‘An Illusion’: Pope Leo Sends Defiant Message Against AI Use In Churches

‘An Illusion’: Pope Leo Sends Defiant Message Against AI Use In Churches

Pope Leo XIV urged Catholic priests to resist the growing temptation to rely on artificial intelligence (AI) in their pastoral work, warning that technology can never substitute for lived faith, prayer, or personal encounter.

During a meeting with priests in Rome, the Pope emphasized that effective ministry begins with genuine closeness to the people a priest serves, not with shortcuts or pre-packaged messages. Drawing on his own experience living in Rome at different points in his life, Leo noted that while the city’s streets may look the same, “life has changed so much,” requiring priests to deeply understand the realities of their communities.

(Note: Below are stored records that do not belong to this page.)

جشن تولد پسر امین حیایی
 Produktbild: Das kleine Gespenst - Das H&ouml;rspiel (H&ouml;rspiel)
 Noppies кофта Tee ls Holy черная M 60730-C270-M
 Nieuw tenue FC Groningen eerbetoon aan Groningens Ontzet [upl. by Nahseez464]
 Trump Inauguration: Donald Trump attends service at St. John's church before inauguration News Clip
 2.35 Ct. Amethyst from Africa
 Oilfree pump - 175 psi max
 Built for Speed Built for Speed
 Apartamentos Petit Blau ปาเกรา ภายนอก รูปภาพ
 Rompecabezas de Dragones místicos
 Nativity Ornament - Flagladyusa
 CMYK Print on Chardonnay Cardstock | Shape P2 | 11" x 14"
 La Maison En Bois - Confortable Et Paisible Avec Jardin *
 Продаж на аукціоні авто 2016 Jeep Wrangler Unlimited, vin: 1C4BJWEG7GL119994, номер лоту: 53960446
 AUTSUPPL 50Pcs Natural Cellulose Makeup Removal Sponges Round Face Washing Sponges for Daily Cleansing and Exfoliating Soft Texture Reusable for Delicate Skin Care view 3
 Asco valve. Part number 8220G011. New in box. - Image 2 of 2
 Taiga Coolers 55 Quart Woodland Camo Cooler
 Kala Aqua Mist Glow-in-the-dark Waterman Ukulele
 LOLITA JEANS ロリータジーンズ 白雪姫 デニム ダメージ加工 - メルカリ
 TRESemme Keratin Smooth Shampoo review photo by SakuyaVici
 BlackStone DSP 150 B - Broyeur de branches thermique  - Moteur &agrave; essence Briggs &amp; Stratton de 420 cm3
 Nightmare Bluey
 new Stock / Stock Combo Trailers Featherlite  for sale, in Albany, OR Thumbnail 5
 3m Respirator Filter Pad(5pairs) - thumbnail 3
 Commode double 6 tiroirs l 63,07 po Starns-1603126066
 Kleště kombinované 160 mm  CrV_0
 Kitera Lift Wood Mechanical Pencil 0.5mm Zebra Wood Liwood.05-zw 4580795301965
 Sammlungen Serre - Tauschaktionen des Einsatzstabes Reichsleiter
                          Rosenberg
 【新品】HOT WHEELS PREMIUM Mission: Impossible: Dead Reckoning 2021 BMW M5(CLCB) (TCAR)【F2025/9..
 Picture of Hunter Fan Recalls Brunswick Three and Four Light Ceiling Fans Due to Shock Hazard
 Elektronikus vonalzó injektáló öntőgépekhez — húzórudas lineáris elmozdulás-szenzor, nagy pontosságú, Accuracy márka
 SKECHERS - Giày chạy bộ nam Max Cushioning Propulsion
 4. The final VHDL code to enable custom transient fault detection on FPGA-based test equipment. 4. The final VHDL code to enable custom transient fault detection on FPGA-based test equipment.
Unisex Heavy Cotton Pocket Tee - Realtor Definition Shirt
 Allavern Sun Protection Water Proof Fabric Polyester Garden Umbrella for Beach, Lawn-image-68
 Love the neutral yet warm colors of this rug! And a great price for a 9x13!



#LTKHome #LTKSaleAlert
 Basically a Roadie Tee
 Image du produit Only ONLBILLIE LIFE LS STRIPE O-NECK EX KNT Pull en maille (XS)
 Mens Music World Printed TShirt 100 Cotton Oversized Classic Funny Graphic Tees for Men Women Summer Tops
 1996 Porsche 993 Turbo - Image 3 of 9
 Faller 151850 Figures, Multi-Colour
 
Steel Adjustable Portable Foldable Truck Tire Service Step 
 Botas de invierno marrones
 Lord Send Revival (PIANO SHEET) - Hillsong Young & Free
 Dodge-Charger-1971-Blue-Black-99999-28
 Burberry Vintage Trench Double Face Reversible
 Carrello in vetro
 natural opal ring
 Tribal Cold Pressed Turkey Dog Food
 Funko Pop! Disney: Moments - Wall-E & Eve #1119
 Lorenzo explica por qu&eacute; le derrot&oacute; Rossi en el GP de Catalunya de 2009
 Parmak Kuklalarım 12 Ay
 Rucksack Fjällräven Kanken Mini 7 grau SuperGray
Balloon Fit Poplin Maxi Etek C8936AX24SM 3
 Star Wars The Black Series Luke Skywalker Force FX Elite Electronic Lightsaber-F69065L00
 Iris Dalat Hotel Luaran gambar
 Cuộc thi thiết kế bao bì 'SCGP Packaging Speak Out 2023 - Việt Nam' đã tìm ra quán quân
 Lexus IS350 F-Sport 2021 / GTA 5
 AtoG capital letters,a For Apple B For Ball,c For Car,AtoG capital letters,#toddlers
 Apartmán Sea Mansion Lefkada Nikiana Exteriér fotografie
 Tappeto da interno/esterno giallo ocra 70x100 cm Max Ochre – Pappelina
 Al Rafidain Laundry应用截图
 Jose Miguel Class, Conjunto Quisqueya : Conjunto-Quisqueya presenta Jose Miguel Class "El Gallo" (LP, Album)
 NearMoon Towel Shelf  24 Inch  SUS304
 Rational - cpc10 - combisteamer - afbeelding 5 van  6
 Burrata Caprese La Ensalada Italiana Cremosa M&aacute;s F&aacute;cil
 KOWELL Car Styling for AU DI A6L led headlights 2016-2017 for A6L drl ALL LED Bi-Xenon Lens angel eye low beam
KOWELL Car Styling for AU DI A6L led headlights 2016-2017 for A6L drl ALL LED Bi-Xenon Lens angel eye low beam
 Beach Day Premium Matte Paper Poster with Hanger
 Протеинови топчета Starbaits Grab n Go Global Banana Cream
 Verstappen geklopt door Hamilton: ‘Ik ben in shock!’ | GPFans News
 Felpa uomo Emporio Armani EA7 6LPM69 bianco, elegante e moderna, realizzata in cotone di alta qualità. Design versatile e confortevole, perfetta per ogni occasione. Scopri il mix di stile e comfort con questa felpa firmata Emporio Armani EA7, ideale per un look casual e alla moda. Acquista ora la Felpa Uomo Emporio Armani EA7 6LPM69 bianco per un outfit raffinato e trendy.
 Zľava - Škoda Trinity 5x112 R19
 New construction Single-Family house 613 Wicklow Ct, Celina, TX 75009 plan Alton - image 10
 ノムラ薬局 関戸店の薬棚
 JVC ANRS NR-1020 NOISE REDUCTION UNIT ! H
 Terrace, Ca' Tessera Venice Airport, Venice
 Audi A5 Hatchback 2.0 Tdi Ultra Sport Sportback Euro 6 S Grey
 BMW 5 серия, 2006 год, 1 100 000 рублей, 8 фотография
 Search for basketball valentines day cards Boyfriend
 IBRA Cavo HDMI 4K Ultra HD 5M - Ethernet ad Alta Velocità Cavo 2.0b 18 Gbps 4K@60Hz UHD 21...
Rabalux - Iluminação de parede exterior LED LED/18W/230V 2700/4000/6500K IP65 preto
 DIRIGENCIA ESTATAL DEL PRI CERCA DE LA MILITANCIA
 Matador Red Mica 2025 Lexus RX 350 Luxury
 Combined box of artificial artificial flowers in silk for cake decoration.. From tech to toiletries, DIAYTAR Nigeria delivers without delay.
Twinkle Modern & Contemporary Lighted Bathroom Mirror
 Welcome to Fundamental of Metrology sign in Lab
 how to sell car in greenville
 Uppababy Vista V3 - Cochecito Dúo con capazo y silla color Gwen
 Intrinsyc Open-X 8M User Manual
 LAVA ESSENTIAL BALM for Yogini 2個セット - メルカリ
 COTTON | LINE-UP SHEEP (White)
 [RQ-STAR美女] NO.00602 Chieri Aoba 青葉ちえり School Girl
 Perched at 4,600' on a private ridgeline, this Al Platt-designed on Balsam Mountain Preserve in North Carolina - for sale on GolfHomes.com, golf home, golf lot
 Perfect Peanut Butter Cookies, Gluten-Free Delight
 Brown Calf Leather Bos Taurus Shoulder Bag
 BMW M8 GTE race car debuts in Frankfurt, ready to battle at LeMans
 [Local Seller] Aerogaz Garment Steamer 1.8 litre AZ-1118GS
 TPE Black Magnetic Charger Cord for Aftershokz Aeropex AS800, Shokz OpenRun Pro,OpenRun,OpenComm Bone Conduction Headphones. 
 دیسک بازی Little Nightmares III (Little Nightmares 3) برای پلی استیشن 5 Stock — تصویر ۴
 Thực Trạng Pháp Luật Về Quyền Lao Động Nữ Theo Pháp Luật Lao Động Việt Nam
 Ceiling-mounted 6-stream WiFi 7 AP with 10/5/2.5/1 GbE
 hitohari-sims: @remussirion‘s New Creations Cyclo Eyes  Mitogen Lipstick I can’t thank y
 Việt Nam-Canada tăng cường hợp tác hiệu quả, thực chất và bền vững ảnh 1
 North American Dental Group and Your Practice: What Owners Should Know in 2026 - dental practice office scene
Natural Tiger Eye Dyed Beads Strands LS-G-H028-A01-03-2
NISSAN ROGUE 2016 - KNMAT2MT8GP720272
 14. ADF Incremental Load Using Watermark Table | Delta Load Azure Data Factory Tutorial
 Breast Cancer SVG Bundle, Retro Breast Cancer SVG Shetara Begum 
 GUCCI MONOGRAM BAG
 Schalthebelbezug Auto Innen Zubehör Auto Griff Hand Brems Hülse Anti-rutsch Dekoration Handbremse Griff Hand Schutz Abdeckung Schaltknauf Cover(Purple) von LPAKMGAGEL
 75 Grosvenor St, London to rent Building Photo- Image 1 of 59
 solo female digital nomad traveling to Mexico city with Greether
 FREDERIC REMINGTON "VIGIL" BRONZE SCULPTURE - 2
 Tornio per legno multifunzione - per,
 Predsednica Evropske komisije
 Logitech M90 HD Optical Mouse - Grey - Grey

“To speak with these people, we must begin by knowing their reality as deeply as possible,” the Pope said, recalling a recent parish visit to the southern Roman neighborhood of Ostia.

That emphasis on personal engagement framed one of the strongest warnings of the address: a direct rejection of AI-generated homilies.

“No to homilies prepared with artificial intelligence,” Leo said, cautioning that reliance on AI weakens a priest’s intellectual and spiritual life. “Like all the muscles in the body, if we do not use them, they die,” he explained. “The brain needs to be used … our intelligence must also be exercised.”

While acknowledging that technology can serve practical functions, the Pope stressed that preaching is fundamentally an act of witness, something AI cannot replicate. “To give a true homily is to share faith,” Leo said. “Artificial intelligence will never be able to share faith.”

Those remarks are consistent with the warnings Leo delivered earlier in his pontificate. In his first major address as pope, he cautioned against allowing emerging technologies to replace moral responsibility, saying that innovation must remain “at the service of the human person” and never displace conscience or judgment.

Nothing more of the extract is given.